A china de Deng Xiaoping

Foi um encontro inesquecível!
Recebeu-nos no salão de audiências do Palácio do Povo.
Uns cinquenta minutos antes, uma companhia de soldados prestou-nos honras militares fazendo manobras precisas, enquanto, num coral, umas mil crianças agitavam bandeirinhas do Brasil e cantavam velhas canções do folclore chinês.

Foi em 1987, e ele, já com 83 anos, dirigia a China com visão juvenil, implementando as reformas que fizeram aquele país dar um salto para o primeiro lugar na economia mundial em menos de quarenta anos.

Lembro-me bem da resposta que ele deu quando perguntado sobre a sua saúde. Ele respondeu com essas palavras:
– Eu acho que estou muito bem. De madrugada, todos os dias, eu nado durante uma hora. À noite, jogo bridge (uma coisa boa que os ingleses nos deixaram). Por isso, posso dizer que o corpo está bem e a mente perfeita!

Deng Xiaoping morreu aos 93 anos, depois de governar seu país por 14 anos. Ele foi o grande responsável pela implantação daquilo que chamou de socialismo de mercado, uma combinação contraditória de regime político fechado e economia escancarada ao capitalismo internacional.

O talento de Deng está, sobretudo, nessa contradição que fez a China ser politicamente comunista e economicamente capitalista; uma contradição que fez a economia chinesa manter, pelas ultimas décadas, um crescimento acima de dois dígitos.

Deng era o típico líder confunciano.

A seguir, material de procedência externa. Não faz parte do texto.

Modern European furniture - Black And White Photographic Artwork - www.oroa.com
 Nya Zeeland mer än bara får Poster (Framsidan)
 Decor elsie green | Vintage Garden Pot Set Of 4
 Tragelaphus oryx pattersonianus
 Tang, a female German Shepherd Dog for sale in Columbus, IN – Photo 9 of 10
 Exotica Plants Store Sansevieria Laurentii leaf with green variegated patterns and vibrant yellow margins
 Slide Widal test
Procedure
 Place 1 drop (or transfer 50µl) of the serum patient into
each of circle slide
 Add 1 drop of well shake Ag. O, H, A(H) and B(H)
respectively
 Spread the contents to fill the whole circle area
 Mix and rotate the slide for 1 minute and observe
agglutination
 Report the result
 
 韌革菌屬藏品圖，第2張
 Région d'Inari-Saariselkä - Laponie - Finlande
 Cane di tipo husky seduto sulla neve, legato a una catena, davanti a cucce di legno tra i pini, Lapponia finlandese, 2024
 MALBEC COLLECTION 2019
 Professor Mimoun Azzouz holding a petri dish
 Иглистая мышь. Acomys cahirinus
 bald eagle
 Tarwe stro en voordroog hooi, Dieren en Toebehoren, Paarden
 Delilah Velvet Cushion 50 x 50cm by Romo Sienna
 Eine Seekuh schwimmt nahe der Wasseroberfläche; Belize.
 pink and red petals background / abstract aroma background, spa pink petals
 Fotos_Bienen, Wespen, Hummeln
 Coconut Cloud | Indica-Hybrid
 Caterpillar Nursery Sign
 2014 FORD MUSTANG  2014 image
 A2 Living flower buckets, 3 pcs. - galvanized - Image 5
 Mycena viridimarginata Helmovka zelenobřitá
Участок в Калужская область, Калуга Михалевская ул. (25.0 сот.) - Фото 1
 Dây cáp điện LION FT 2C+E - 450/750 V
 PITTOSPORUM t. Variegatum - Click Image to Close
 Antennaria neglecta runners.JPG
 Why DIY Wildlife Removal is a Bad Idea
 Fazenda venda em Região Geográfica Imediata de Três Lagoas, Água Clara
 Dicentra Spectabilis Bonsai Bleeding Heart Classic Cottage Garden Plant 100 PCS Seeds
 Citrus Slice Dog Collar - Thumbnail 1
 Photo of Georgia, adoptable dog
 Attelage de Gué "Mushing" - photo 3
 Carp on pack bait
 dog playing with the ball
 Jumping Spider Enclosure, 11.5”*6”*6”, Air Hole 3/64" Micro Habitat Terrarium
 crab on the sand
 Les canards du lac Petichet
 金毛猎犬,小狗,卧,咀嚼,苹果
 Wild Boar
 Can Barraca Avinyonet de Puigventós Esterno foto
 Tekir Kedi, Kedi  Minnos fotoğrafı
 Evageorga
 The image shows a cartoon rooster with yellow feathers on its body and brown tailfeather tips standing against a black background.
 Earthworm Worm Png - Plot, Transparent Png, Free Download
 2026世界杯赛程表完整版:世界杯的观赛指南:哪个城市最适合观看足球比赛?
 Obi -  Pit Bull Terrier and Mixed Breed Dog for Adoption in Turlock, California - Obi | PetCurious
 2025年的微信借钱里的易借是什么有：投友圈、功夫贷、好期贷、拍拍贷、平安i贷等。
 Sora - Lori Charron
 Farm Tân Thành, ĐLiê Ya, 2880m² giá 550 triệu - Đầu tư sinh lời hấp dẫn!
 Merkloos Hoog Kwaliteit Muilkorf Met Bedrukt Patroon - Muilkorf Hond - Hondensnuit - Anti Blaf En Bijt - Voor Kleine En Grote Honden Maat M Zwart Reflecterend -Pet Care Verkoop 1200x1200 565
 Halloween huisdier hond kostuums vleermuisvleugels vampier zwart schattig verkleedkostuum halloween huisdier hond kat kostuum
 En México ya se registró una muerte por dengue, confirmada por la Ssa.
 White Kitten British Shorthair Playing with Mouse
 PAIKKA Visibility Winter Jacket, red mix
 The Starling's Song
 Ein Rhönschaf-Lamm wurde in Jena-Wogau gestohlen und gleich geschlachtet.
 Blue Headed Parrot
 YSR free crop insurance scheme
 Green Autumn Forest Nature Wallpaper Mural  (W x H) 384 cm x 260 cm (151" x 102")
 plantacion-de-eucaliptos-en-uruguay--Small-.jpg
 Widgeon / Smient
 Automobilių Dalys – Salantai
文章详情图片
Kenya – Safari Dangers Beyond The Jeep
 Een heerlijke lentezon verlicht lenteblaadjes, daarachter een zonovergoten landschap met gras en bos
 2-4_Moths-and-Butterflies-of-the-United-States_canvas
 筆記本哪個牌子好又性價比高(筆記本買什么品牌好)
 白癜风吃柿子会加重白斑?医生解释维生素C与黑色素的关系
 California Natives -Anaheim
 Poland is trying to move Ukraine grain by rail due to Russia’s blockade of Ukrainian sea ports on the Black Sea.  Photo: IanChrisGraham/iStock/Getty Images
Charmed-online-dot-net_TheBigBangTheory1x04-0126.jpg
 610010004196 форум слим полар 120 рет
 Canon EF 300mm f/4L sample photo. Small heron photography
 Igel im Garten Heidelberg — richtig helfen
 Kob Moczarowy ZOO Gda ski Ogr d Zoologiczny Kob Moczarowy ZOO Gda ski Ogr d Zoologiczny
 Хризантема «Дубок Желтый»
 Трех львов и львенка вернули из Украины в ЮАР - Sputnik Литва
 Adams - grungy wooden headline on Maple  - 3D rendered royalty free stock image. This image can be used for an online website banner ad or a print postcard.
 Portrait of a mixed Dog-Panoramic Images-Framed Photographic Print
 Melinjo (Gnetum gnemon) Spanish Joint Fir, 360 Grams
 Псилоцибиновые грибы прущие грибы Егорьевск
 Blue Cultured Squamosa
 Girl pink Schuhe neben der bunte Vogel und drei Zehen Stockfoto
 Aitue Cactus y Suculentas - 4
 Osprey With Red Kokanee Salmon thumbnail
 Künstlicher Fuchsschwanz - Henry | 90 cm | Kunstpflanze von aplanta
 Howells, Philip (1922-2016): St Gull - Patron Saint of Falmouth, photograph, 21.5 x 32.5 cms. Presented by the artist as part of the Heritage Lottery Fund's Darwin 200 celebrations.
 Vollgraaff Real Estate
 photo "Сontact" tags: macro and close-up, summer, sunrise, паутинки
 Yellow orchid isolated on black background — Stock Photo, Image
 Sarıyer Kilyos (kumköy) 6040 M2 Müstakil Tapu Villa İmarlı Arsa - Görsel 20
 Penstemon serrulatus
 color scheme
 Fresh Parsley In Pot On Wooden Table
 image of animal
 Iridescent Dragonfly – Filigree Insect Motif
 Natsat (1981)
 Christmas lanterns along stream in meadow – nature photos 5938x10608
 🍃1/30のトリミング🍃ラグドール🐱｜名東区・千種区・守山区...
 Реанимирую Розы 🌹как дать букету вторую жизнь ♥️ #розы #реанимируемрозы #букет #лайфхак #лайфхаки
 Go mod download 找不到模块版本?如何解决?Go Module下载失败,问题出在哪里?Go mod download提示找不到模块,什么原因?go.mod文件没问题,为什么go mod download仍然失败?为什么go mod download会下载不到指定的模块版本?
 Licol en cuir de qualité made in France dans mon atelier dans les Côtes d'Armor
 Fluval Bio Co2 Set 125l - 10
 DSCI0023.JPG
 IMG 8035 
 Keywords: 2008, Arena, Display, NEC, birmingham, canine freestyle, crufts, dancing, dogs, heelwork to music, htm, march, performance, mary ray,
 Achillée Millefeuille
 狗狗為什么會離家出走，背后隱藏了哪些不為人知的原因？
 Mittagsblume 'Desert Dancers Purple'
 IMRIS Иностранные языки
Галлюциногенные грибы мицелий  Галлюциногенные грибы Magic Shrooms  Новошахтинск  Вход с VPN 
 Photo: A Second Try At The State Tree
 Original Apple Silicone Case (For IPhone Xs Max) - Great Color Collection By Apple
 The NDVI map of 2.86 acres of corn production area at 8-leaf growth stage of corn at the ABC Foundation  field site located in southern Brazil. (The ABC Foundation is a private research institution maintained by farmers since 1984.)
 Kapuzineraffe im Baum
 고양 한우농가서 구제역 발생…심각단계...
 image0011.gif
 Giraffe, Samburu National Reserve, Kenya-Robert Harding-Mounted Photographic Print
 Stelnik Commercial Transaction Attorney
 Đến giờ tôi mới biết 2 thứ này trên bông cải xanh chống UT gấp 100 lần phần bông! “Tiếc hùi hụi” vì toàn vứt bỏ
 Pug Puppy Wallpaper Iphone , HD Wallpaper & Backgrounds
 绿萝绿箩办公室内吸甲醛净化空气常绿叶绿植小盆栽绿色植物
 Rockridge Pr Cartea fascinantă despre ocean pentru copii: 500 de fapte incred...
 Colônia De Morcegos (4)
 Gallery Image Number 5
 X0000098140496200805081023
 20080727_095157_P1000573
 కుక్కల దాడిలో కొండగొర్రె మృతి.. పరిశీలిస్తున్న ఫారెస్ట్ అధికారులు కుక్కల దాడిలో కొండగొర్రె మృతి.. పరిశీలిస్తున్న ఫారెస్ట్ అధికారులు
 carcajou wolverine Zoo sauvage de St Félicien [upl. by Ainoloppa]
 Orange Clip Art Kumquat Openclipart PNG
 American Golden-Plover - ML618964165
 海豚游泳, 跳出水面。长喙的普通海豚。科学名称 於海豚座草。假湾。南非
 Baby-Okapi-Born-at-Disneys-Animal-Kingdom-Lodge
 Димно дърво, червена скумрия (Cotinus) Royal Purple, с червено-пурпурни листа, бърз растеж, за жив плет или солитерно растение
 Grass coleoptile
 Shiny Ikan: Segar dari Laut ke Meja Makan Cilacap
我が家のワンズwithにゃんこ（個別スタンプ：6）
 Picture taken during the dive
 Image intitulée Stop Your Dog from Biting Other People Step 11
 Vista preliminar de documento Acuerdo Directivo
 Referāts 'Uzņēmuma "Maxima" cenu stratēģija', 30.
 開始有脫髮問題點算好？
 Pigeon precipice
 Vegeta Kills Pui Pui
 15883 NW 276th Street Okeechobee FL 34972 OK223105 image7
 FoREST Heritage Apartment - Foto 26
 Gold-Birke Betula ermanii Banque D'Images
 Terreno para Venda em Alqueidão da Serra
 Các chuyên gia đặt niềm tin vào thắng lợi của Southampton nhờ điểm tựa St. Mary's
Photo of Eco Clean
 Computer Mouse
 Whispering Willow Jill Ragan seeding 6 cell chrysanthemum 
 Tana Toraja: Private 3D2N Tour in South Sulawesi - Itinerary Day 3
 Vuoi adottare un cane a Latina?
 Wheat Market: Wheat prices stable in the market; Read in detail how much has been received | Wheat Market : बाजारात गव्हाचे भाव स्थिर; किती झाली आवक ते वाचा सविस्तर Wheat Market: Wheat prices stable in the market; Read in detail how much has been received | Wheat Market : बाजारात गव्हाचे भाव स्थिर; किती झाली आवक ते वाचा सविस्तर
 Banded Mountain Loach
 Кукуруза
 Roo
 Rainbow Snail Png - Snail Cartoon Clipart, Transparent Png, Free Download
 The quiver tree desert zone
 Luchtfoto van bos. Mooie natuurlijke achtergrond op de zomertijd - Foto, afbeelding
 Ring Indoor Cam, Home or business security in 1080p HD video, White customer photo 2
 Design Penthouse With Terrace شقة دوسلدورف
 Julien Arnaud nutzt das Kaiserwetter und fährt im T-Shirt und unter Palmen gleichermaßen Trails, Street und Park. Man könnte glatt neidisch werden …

Falava baixo, pausadamente, usando imagens e silogismos.

O incrível, que pouca gente sabe, é que ele passou parte da sua juventude na França, onde trabalhou como operário na fábrica de automóveis da Renault, em Billancourt. Poucos sabem, também, que ele foi bombeiro e auxiliar de cozinha em Paris e estudou em Bayeux e Chantillon.

Foi vivenciando as condições precárias dos trabalhadores franceses daquela época que ele se tornou comunista, depois de aprender os fundamentos da teoria marxista nas escolas da França, onde estudou.     

O que poucos sabem, também, é que as reformas econômicas chinesas não foram decretadas pelo Partido Comunista, de cima para baixo, mas resultaram de práticas de governantes municipais e regionais que as foram tomando à revelia de Pequim.

Deng Xiaoping teve o mérito de oficializar, para todo o país, aquelas iniciativas que já surgiram descentralizadas, nas províncias e nos municípios. Esse caráter descentralizador das reformas econômicas chinesas explica o sucesso do seu governo desde meados da década de 1980.

A par de ser um líder firme e carismático, Deng era humilde, a fim de respeitar o mérito alheio, absorvendo as contribuições de outros líderes. É o caso das quatro linhas de modernização formuladas por Zhou Enlai.

Eu o conheci num momento muito especial. Foi em 1987, quando Brasil e China celebraram o acordo aeroespacial que concebi, como ministro da ciência e tecnologia, com o meu colega Bao Qemig, de que resultou a construção, em Xangai e São José dos Campos,  dos satélites de observação terrestre que, desde os anos 1990, fornecem dados preciosos à agricultura, à previsão climática, ao combate ao desmatamento, ao planejamento urbano e rural.